Top tips on managing bad chemistry
The good news is, managing dislike of a coworker or co-leader is not that hard – it just requires a measure of sustained intentionality. This requires you to decide if it’s worth it. Here is what I’ve learned about how to do all of that.
1. Acknowledge it: The first step to ensuring that a dislike of a coworker doesn’t surreptitiously compromise necessary teamwork is to simply note its presence. It is happening. Pretending that it’s not so you don’t have to deal with it seeds the ground for all sorts of unwanted downsides. And don’t beat yourself up. It happens. Honestly, you’re only human.
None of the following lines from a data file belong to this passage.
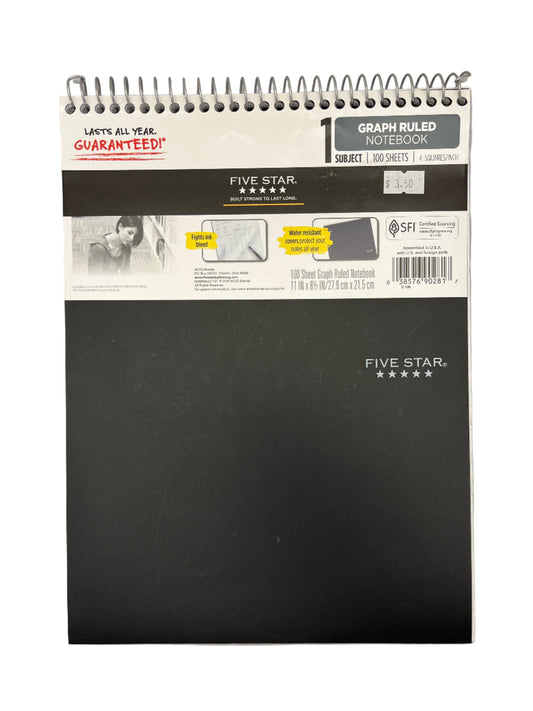 Black notebook with Five Star branding on a gray background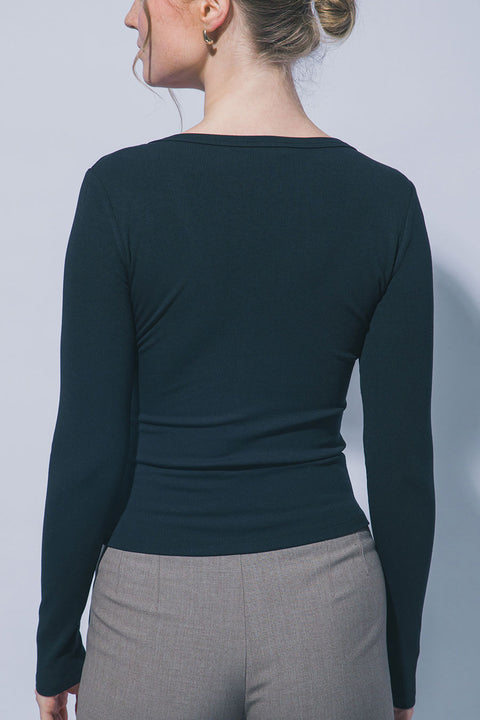 Scoop Neck Long-Sleeve Henley Rib Knit Top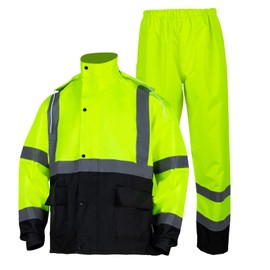 FONIRRA Hi Vis Safety Rain Jacket for Men,Class 3 High Visibility Rain Gear,Rain Suits for Men Waterproof Heavy Duty for Work(4XL/5XL)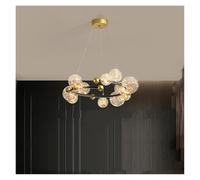 AZQOHMIS Decoración Hogar Moderno Lámparas Comedor Lámparas Colgantes Modernas Lámpara Colgante Iluminación Interior Lámpara de Araña LED Sala de Estar Contemporánea (Blanco Frío, Dorado 15 Cabezas)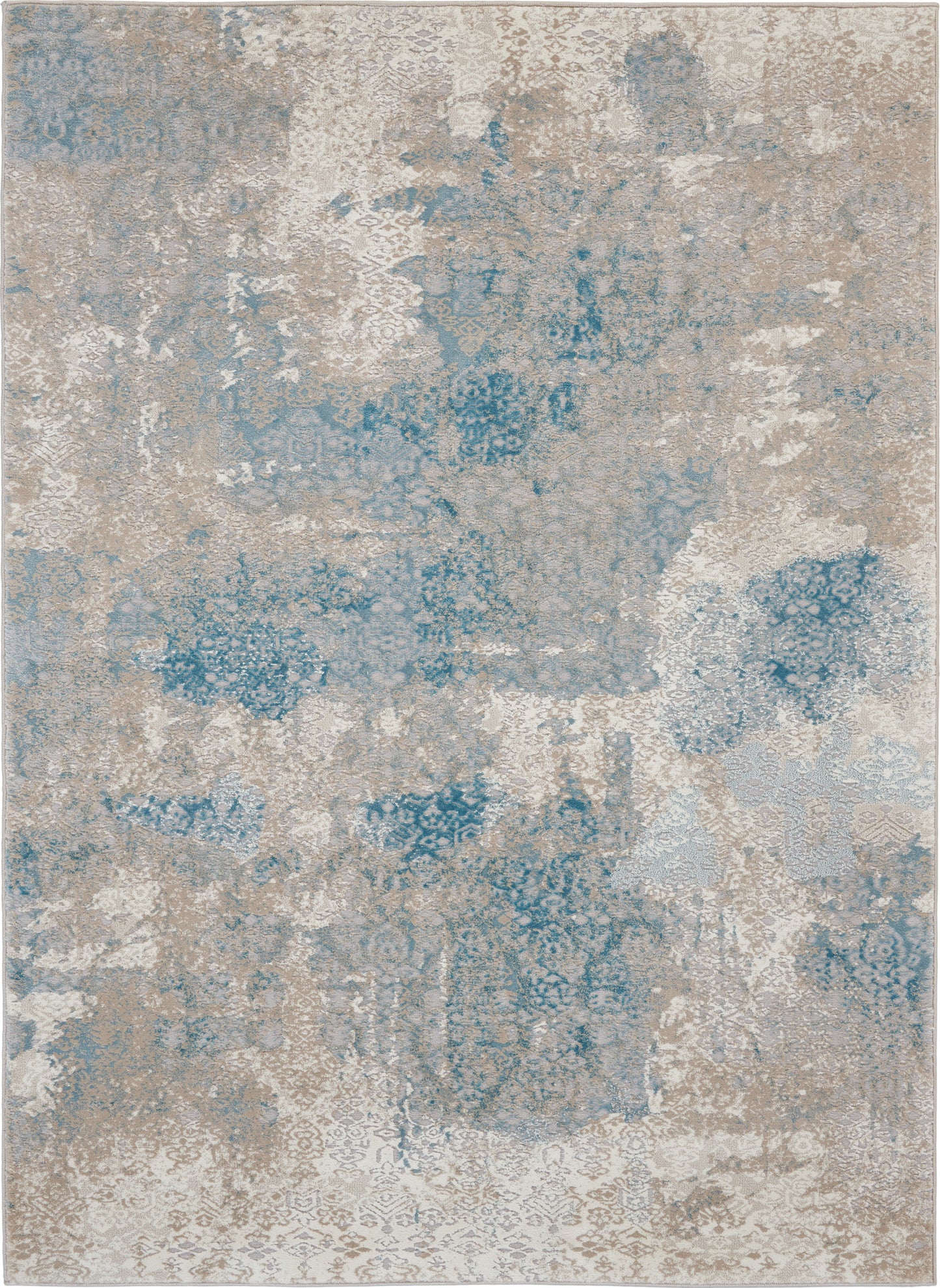Nourison Karma 3'9" x 5'9" Ivory/Light Blue Vintage Indoor Rug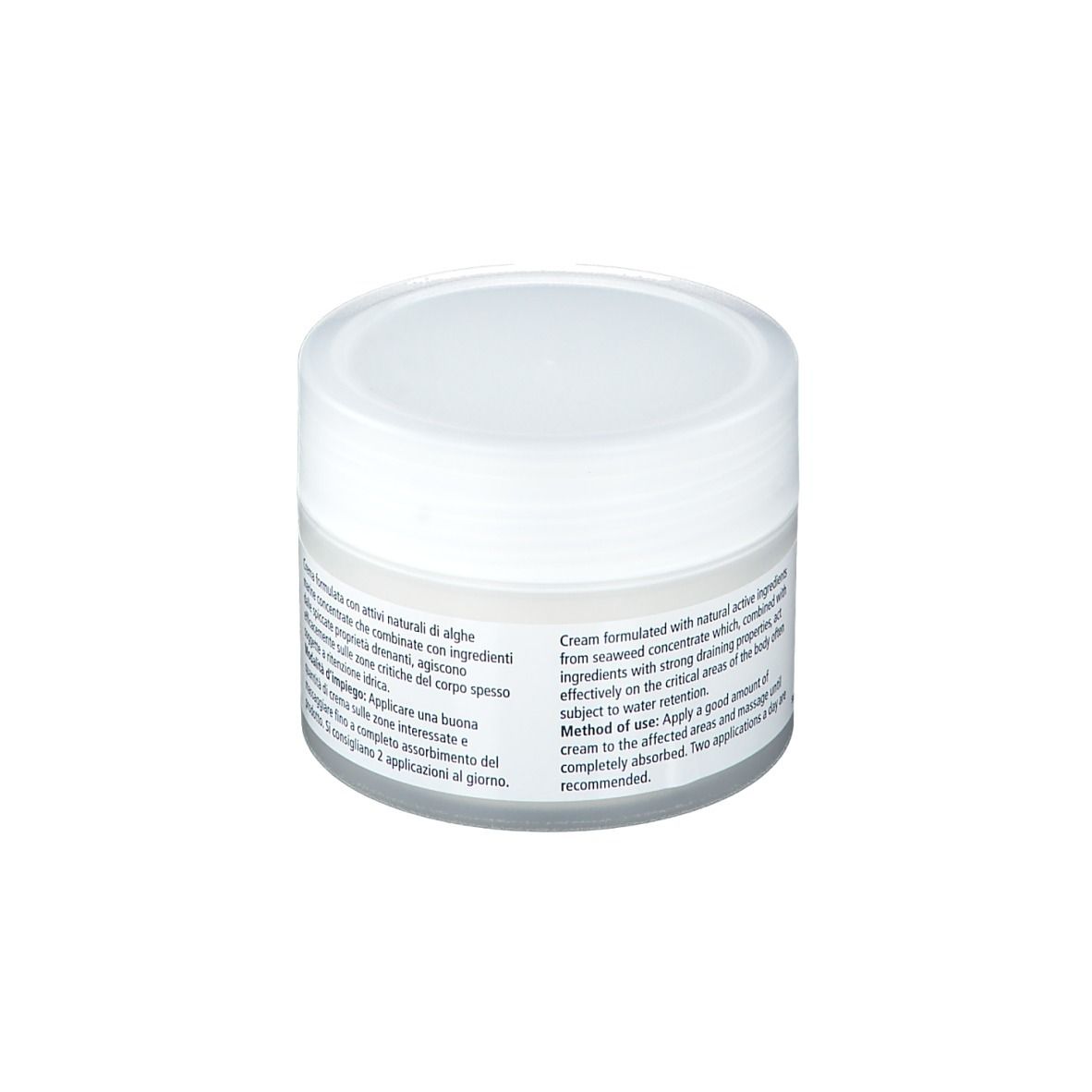 Vaso di crema bianco con coperchio bianco. Scritta: Testo in italiano e inglese. Informazioni sull'uso.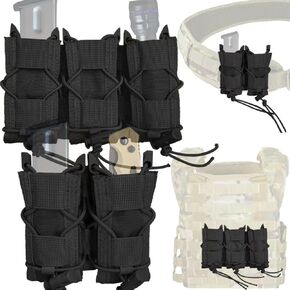 2pc Pistol Mag Pouch Pouch Hold Five Mag ، Molle Universal Handgun Magazine الحافظة لـ 9 مم/.40 Calibers 45Acp Glock S & W M & P ، أو Springfield 1911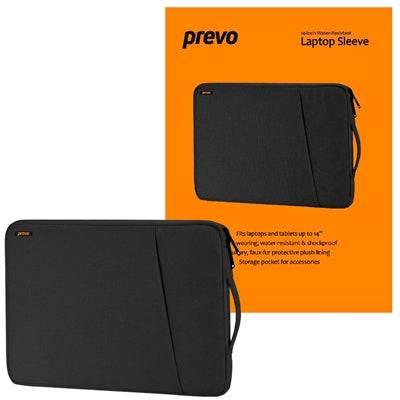 Prevo 14 Inch Laptop Sleeve, Side Pocket, Cushioned Lining, Black - IT Supplies Ltd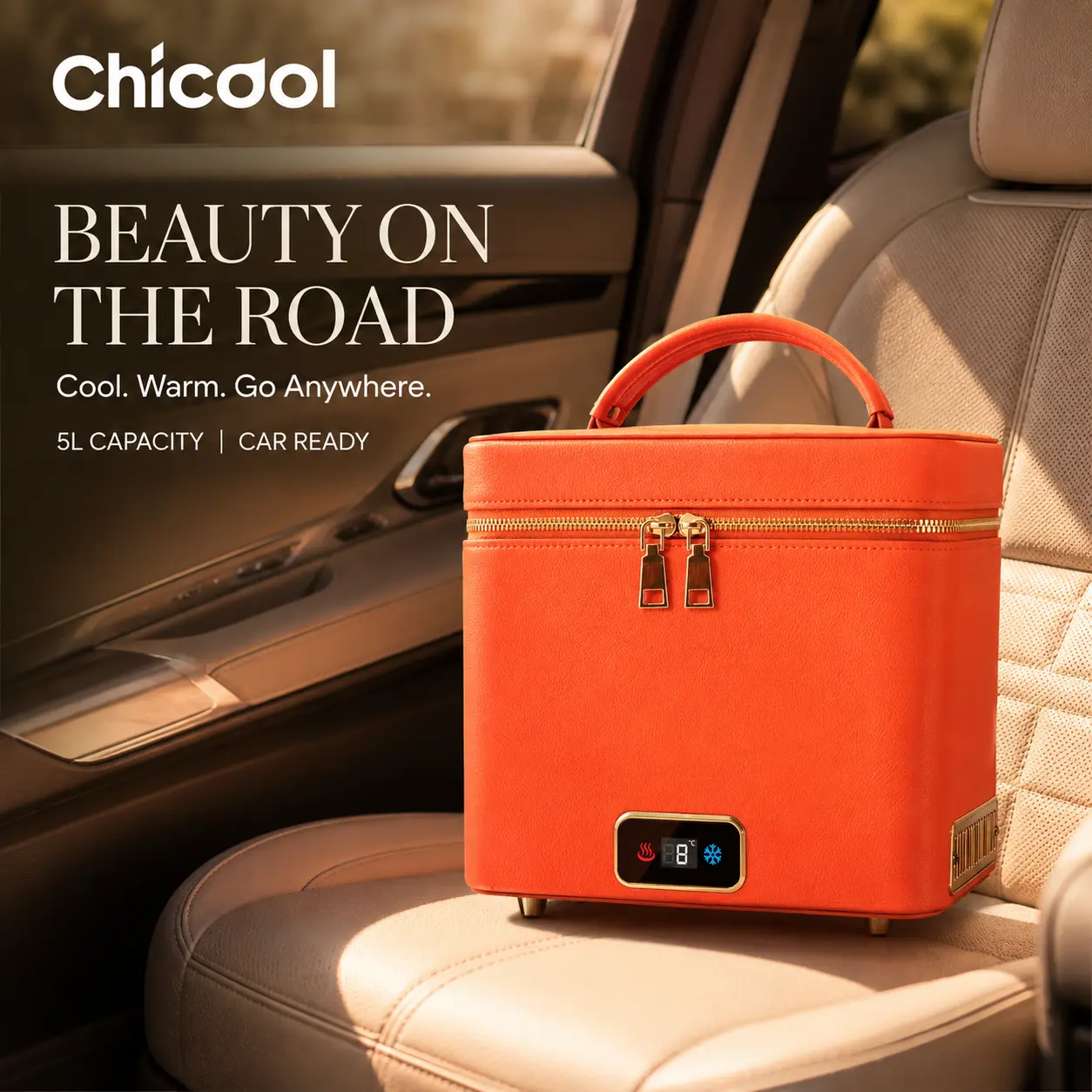 Skincare Fridge - 5L Makeup Fridge for Refrigerating Makeup, Skincare and Food, Mini Fridge for Bedroom, Office and Car, Cooler and Warmer, Beverage Cooler, Leather Orange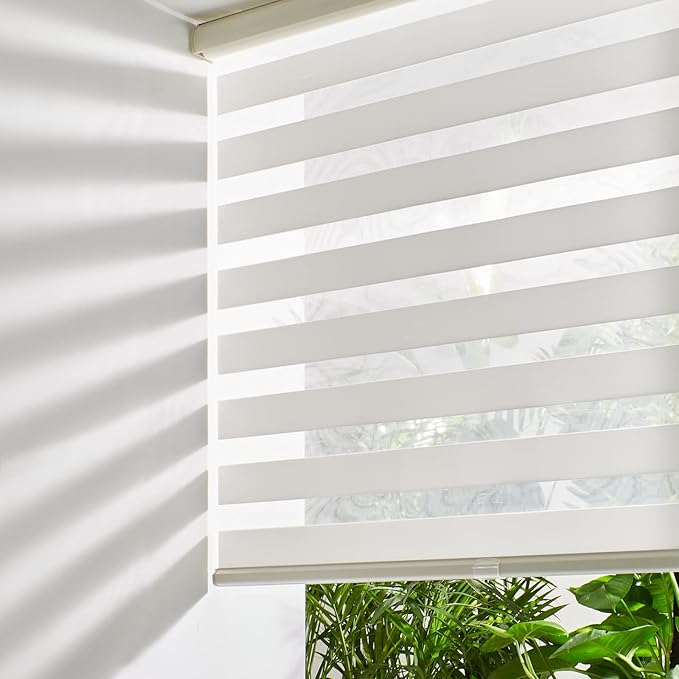 Persilux Cordless Zebra Blinds for Windows Free-Stop Roller Window Shades (39" W X 72" H, Cream) Dual Layer Light Control for Day and Night, Light Filtering Sheer Shades for Home, Easy to Install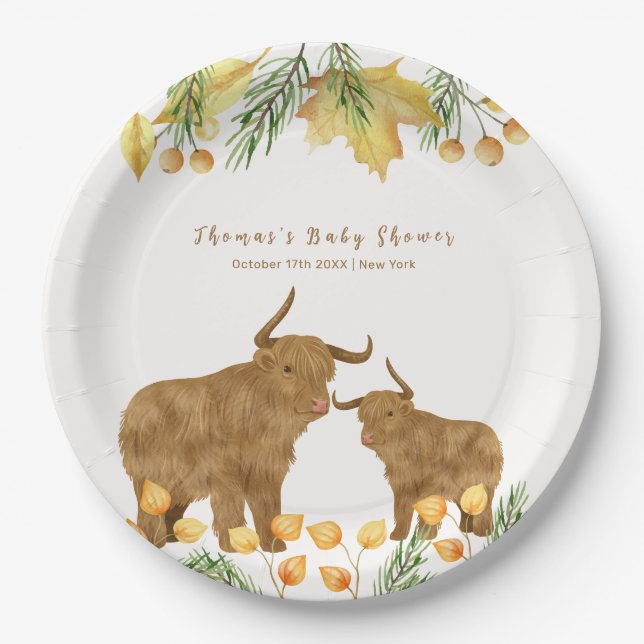Fall Rustic Boho Highland Cow Baby Showdusche Pappteller (Vorderseite)
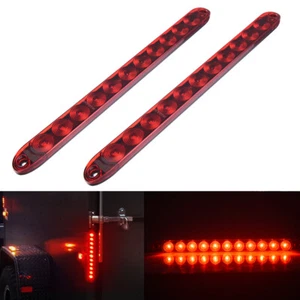 2Pc 16" 11 LED Red Truck Trailer Light Bar Stop Turn Tail Brake Lights Tube IP67 - Picture 1 of 8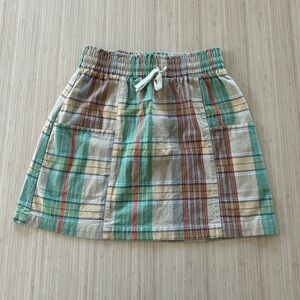 Plaid Skirt with Drawstring Waist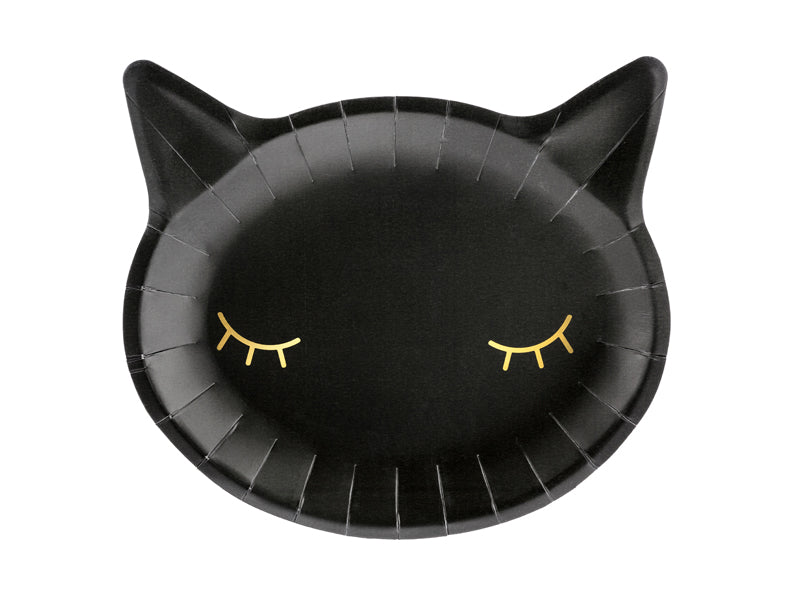 Paper Plates Cat Black - TPP60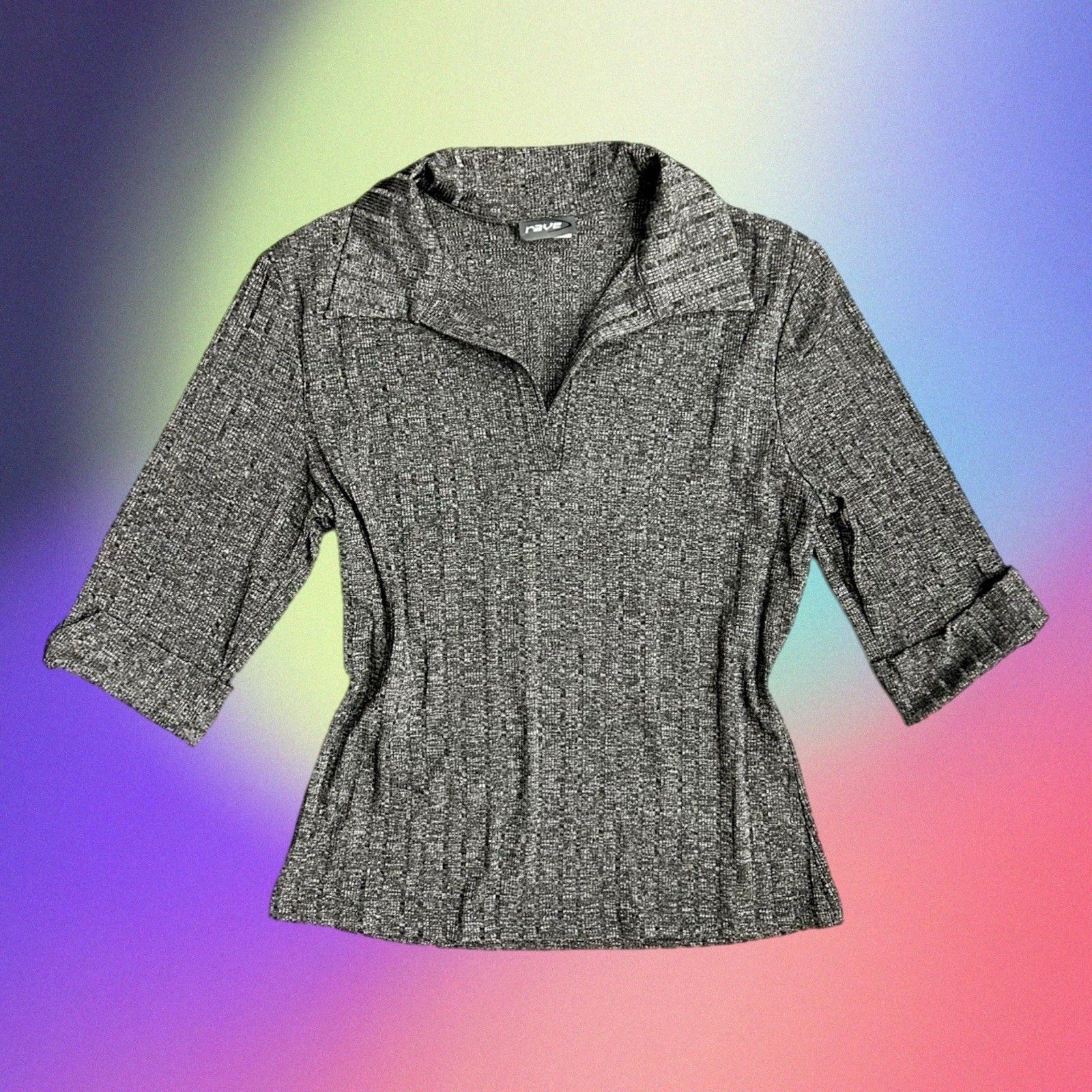 Vintage 90s Rave Women’s Grey Collared Top Size Large L USA Made Quarter Sleeve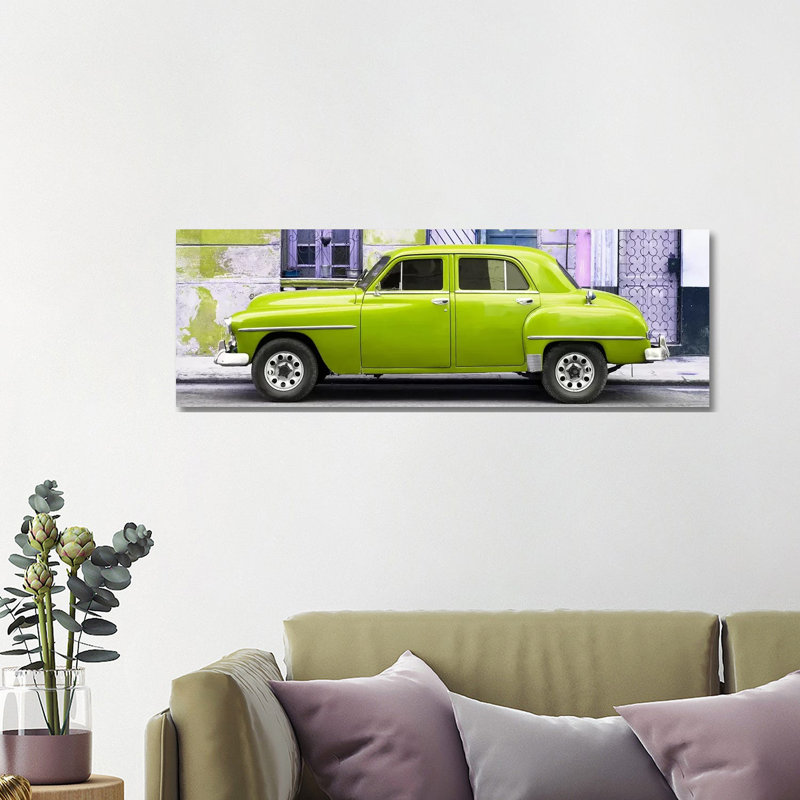 Lime Green Classic American Car by Philippe Hugonnard - Wrapped Canvas Panoramic Print, 121.92 cm H x 40.64 cm W x 1.91 cm D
2. Unpack it: Get to the bottom of why the person pushes your buttons. Amy Gallo writes in the Harvard Business Review: “Rather than thinking about how irritating the person is, focus on why you are reacting the way you are.”
Do they remind you of someone or something from your past? Do you fear that they secretly disrespect you? Are they hitting a pet peeve you’ve allowed to take on a life of its own? Is the person part of a class or group you don’t understand? Be brutally honest so you can know what it is within you that is producing the distress.
3. Own it: Once you really understand what’s at work, it’s time to accept a fundamental, if hard-to-swallow, fact: no matter how annoying the person might be, the reality is that you alone are responsible for the effect it has on you. Andy Puddicombe, in the mindfulness app Headspace, urges listeners: “Observe your reactions without getting swept up in them.”
You might be tempted to believe that your irritation is you nobly defending values worth fighting for. But more likely, you are indulging in unproductive, harmful way of thinking. Don’t indulge.
4. Manage it: Rather than dwelling and smoldering, make a plan.
• Find their positives. Imagine yourself giving a speech that genuinely honors the person who bugs you. What would you say? What qualities of theirs are great? If you are being objective, what are their standout strengths? Don’t let yourself off the hook. Then find a way to regularly remind yourself that, just like you, they bring good to the party.
• Assume good intent. Decide to believe that your colleague wants the same things you do, even in the places where they don’t make it easy. Be less quick to question their motives or draw conclusions about their character. Choose to view them as committed to success for the business and harmony along the way, just like you are, if they represent it differently than you.
• Be big. Work on showing up as a leader above the fray – fair-minded, objective and focused on creating the conditions for the business to thrive. Don’t let your dislike of engaging with them cause you to employ workarounds or allow for passive effects. Visualize your presence before conversations – mentally practice being neutral, warm and calm so you are reliably that way yet still your assertive self, as important matters are at stake.
• Talk to them. If they’re doing something really specific that is bugging you and your concern is remotely reasonable, tell them. Present it like the gracious individual you are, and treat them like the responsible, accomplished adult that they are. Speak the truth humbly, then be prepared to listen with gratitude.
The good news is, managing dislike of a coworker or co-leader is not that hard – it just requires a measure of sustained intentionality.
It’s worth mentioning that these tips are written for the annoying but generally harmless mismatches in style and chemistry that happen in the workplace everywhere. But if you are being mistreated or bullied on the job, address the situation forthrightly.
It is only human not to love all your coworkers. But don’t allow yourself to become so preoccupied with the imperfections of one of your peers that it gets in the way of teamwork and leadership. Your business needs the very best version of you.